STIT AT-TAQWA CIPARAY BANDUNG

Senin, 27 Juni 2011

PEMIMPIN DAN BUDAYA ORGANISASI

Abstract

Pada saat ini istilah budaya organisasi banyak digunakan dalam organisasi perusahaan, bahkan beberapa perusahaan memasang tulisan yang menunjukkan budaya organisasi mereka di tempat-tempat yang menarik perhatian. Misalnya di depan pintu masuk kantor, atau di dekat tempat para karyawan melayani pelanggan. Konsep budaya organisasi mulai berkembang  sejak awal tahun 1980-an. Konsep budaya organisasi diadopsi dari konsep budaya yang lebih dahulu berkembang pada disiplin ilmu antropologi (Sobirin, 2007:128-129).
Budaya organisasi menurut Schein dalam Sobirin (2007:132) adalah pola asumsi dasar yang dianut bersama oleh sekelompok orang setelah sebelumnya mereka mempelajari dan meyakini kebenaran pola asumsi tersebut sebagai cara untuk menyelesaikan berbagai persoalan yang berkaitan dengan adaptasi eksternal dan integrasi internal, sehingga pola asumsi dasar tersebut perlu diajarkan kepada anggota-anggota baru sebagai cara yang benar untuk berpersepsi, berpikir dan mengungkapkan perasaannya dalam kaitannya dengan persoalan-persoalan organisasi.

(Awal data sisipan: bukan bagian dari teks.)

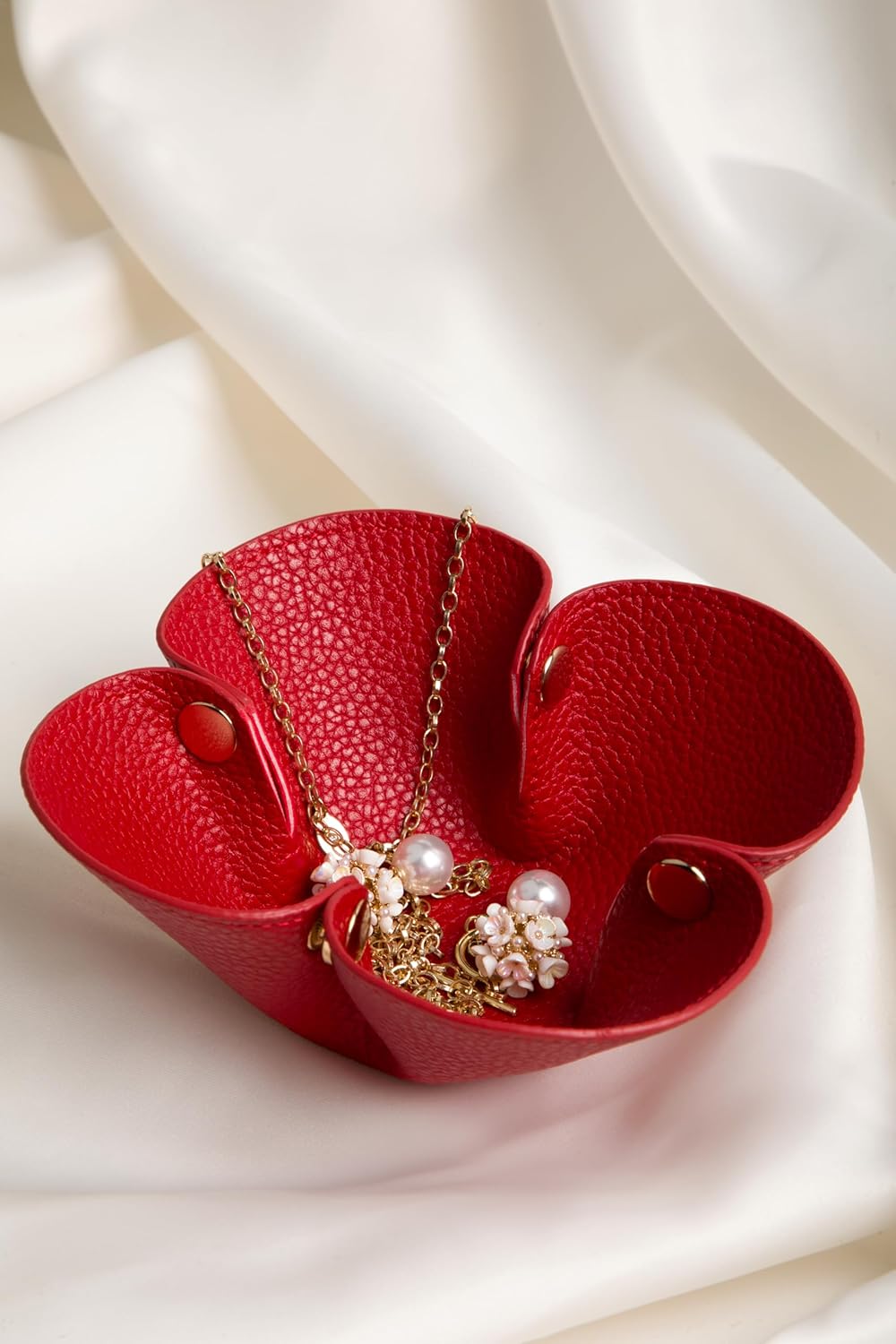 Cute Flower Shaped Leather Valet Tray,Premium Catchall Tray, Jewelry Tray 5.5'' Folding Portable Travel Oganizer,Decorative Desk Organizer For Key,Wallet,Watch,Coin,Jewelry (Baby Pink)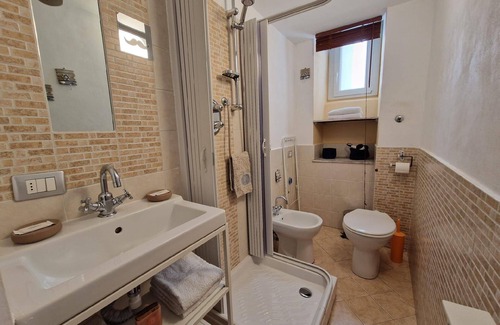 San Fruttuoso Apartment | Cozy Holiday Apartment in Genova for 1-4 Guests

Unsur-unsur Budaya Organisasi
Jocano dalam Sobirin (2007:152-153) menyatakan bahwa budaya organisasi terdiri dari unsur utama, yakni yang bersifat idealistik dan yang bersifat perilaku atau behavioral. Unsur budaya organisasi idealistik merupakan ideologi organisasi yang tidak mudah berubah meskipun di sisi lain organisasi harus berubah untuk beradaptasi dengan lingkungannya. Ideologi ini bersifat terselubung, tidak nampak di permukaan dan hanya orang-orang tertentu saja yang tahu apa sesungguhnya ideologi mereka dan mengapa organisasi tersebut didirikan.
Unsur behavioral memiliki sifat kasat mata, muncul ke permukaan dalam bentuk perilaku sehari-hari para anggotanya dan bentuk-bentuk lain seperti disain arsitektur organisasi. Bagi orang luar organisasi, unsur ini sering dianggap sebagai representasi dari budaya sebuah organisasi karena lebih mudah diamati, dipahami dan diinterpretasikan meskipun seringkali interpretasi antara orang luar dan anggota organisasi berbeda. Budaya organisasi lebih baik dipahami berdasarkan pengamatan terhadap perilaku dan kebiasaan-kebiasaan yang dilakukan oleh para anggota organisasi.
Bagian luar organisasi tersebut oleh Schein dalam Sobirin (2007:158) disebut sebagai artefak. Artefak bisa berupa bentuk arsitektur bangunan, logo atau jargon, cara berkomunikasi, cara berpakaian, atau cara bertindak yang bisa dipahami oleh orang luar organisasi. Dalam perbankan misalnya, kita bisa melihat bahwa mereka berpakaian sangat formal, dengan perkantoran yang biasanya tertata dengan rapi, bersih dan modern. Perilaku karyawan bank juga terlihat ramah tetapi formal dan tegas, dengan moto mereka yang biasanya terpasang dengan indah di belakang pegawai-pegawai yang melayani para nasabahya. Misalnya saja bank Mandiri memiliki slogan “Prosper with us” atau Bank BRI dengan slogannya, “Melayani dengan Hati”.
Sebenarnya antara ideologi dan perilaku behavioral merupakan bagian yang tidak bisa saling terpisahkan. Digambarkan sebagai suatu yang berlapis-lapis seperti bawang, bagian yang kelihatan, bisanya paling mudah untuk diubah. Sehingga tidak mengherankan bahwa kadang-kadang visi dan misi sudah diubah tetapi unsur-unsur perilaku lainnya belum berubah. Misalnya saja berkaitan  pernyataan visi dan misi organisasi. Hampir setiap lembaga pada saat ini memiliki apa yang disebut dengan visi dan misi organisasi yang biasanya tertulis di tempat-tempat strategis di kantor mereka. Yang perlu diperhatikan adalah kesesuaian antara visi dan misi tersebut dengan perilaku para anggota organisasi. Karena kalau tidak terjadi keserasian, pasti akan terlihat lucu. Misalnya sebuah pertokoan yang memiliki slogan “Pelanggan adalah Raja” tetapi pada saat tempat parkir penuh, ternyata ada space parkir  strategis yang kosong namun ada tulisannya “khusus untuk pimpinan”.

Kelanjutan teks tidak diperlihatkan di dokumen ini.